Here are two scary stats for those looking to create a retirement nest egg:

  • Only 36% of those who work for businesses with between 10 and 100 employees in 2011 had access to a company-sponsored retirement plan, says the Employee Benefit Research Institute, and
  • A whopping 71% of businesses with fewer than 25 employees don’t have a company-sponsored plan, according to the Government Accountability Office.

That data was reported by USA Today.

Costly for businesses

The reason smaller businesses aren’t bigger players in the retirement savings game? They find it too expensive or burdensome to offer a retirement plan to their employees.

Well, the Senate Special Committee on Aging is out to change that. In the coming months, committee members Sen. Mike Enzi (R-WY) and Sen. Herb Kohl (D-WI) plan to introduce legislation that would let small businesses pool resources — and assets — in multiple employer plans.

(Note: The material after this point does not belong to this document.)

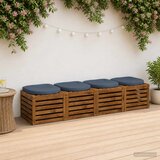  Jastučići za sjedalo od 4 dijela 4 kom. 100% | shoptok.hr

This would be similar to arrangements that are allowed in the health insurance market in which employers are allowed to band together to negotiate more favorable insurance rates with insurers.

The new multiple employer plans would allow companies to hire third-party financial experts to take on the administrative and fiduciary duties that turn so many small employers away from offering retirement plans.

The advertised result: Lower costs to employers, which would make offering retirement plans far more attractive.

However, it’s expected employers will retain some limited fiduciary liability in the areas of plan selection and fees.

Today, only small businesses that are related to each other in some way can pool their resources to create retirement plans. And even then they have to be sponsored by a group or association.

It’s being reported the proposed legislation has the backing of the U.S. Chamber of Commerce.